Jadis, bien avant que le premier monde habité soit couvert d'eau, les hommes et les bêtes étaient amis. Malheureusement, après que le rat musqué et Napiwa le vieil homme eurent fait l'île flottante, les hommes devinrent si nombreux qu'ils prirent la place des animaux.
Les animaux, n'ayant plus de place, décidèrent d'aller habiter plus loin, là où les hommes n'y sont pas. L'élan alla s'abriter dans les bois humides du côté d'où arrive l'hiver. Le bison décida d'aller dans la grande plaine. L'antilope, le loup et l'ours gris le suivirent. Quant au mouflon et la chèvre sauvage, ils allèrent dans la montagne. Les petits animaux, quant à eux, décidèrent d'aller se loger sous le sol. Par la suite, les hommes et les bêtes arrêtèrent de se parler et de se comprendre.
Ce fut pire lorsque les hommes inventèrent les armes. Avant de s'en servir contre eux-mêmes, ils les utilisèrent sur les animaux. Les hommes se mirent à tuer leurs anciens amis pour se nourrir de leur chair et se vêtir de leurs peaux. La violation de cette ancienne paix appelait vengeance.

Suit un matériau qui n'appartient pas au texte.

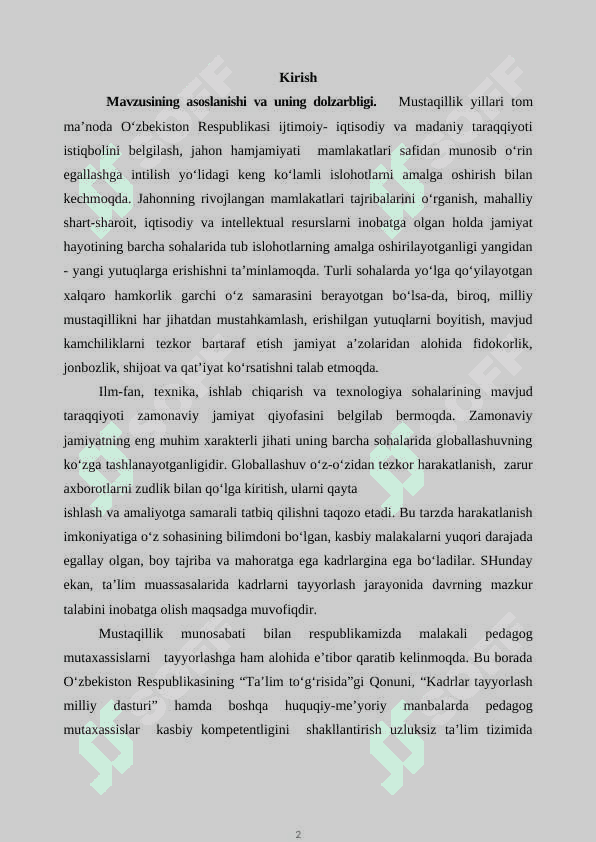 O’qituvchilarning kasbiy kompetentligi va uni shakllantirish 2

Les premiers à s'être réunis sont les ours. Leur chef, grand ours blanc, invita ses confrères à annoncer la guerre aux hommes. Les jeunes ours voulaient attaquer les hommes immédiatement. Grand ours blanc les persuada d'attendre, le temps qu'ils soient prêts. Par la suite, grand ours blanc réalisa qu'ils n'étaient pas armés. Les ours proposèrent des arcs et des flèches. L'un dit : « Nous pourrions très bien en avoir nous aussi. Nous savons de quel bois ils sont fabriqués et de quelles pierres pointues les hommes se servent. » Les jeunes ours décidèrent de s'armer. Ils allèrent chercher des bois de frêne et des pierres de silex. Par la suite, l'un des ours se sacrifia pour faire don de ses tendons. Une fois armés, les ours se pratiquèrent au tir. Ils virent que leurs griffes les gênaient et les empêchaient de tirer droit. Un des ours proposa de les couper. Grand ours blanc les convainquit que cela n'avait pas de sens puisqu'il leur serait impossible de se nourrir. Ils ne pourraient plus grimper aux arbres, déchiqueter les troncs d'arbres pourris où se cachent les fourmis. Grand ours blanc se mit à penser comment ils pourraient vaincre les hommes.
Après mûre réflexion, il en vint à la conclusion que les hommes seraient toujours plus forts que les ours et qu'une guerre serait désastreuse. Grand ours blanc proposa donc aux autres ours que lorsqu'un homme tuerait un ours avec la force des armes, il devrait lui faire ses excuses et faire un sacrifice de tabac à son esprit. Que ceux qui manquent à ce devoir souffriraient d'un mal si atroce qu'ils ne pourraient plus marcher. Tous les ours consentirent à cet arrangement.
Les poissons et les reptiles se réunirent par la suite en un conseil. Ils décidèrent que lorsqu'un homme tuerait l'un des leurs, les plus laids d'entre eux visiteraient les hommes dans leur sommeil. Les victimes devraient ensuite payer très cher les chamans qui les débarrasseraient de ces cauchemars.
Les insectes cherchaient aussi un moyen de punir les hommes qui bien souvent les tuaient sans même les regarder. Ce fut le pou qui proposa à ses frères de donner aux hommes toutes les maladies qu'ils rencontreraient.
Les plantes ayant des espions partout étaient au courant des complots que les animaux préparaient. Après que les animaux eurent fini de choisir leurs vengeances, elles se réunirent à leur tour. Toutes étaient présentes sauf la plante qui pique et celle qui empoisonne. Toutes décidèrent de rester amies avec les hommes et de les aider. Le jeune hêtre promit de garder ses feuilles tout l'hiver afin qu'on puisse en faire un remède contre l'eczéma, le groseillier, de guérir l'inflammation des poumons avec la sève de ses racines, le genévrier promit d'arrêter les palpitations du cœur, quant à l'oignon des bois, il guérira l'asthme et l'épicea noir, le scorbut.
Par la suite, les plantes décidèrent que lorsqu'un chaman aurait à soigner une maladie inconnue, il n'aurait qu'à consulter l'esprit des plantes qui guiderait son choix.
Tirée de : Mélançon, Claude, Légendes indiennes du Canada, Ottawa, Du Jour, 1967, 159 pp.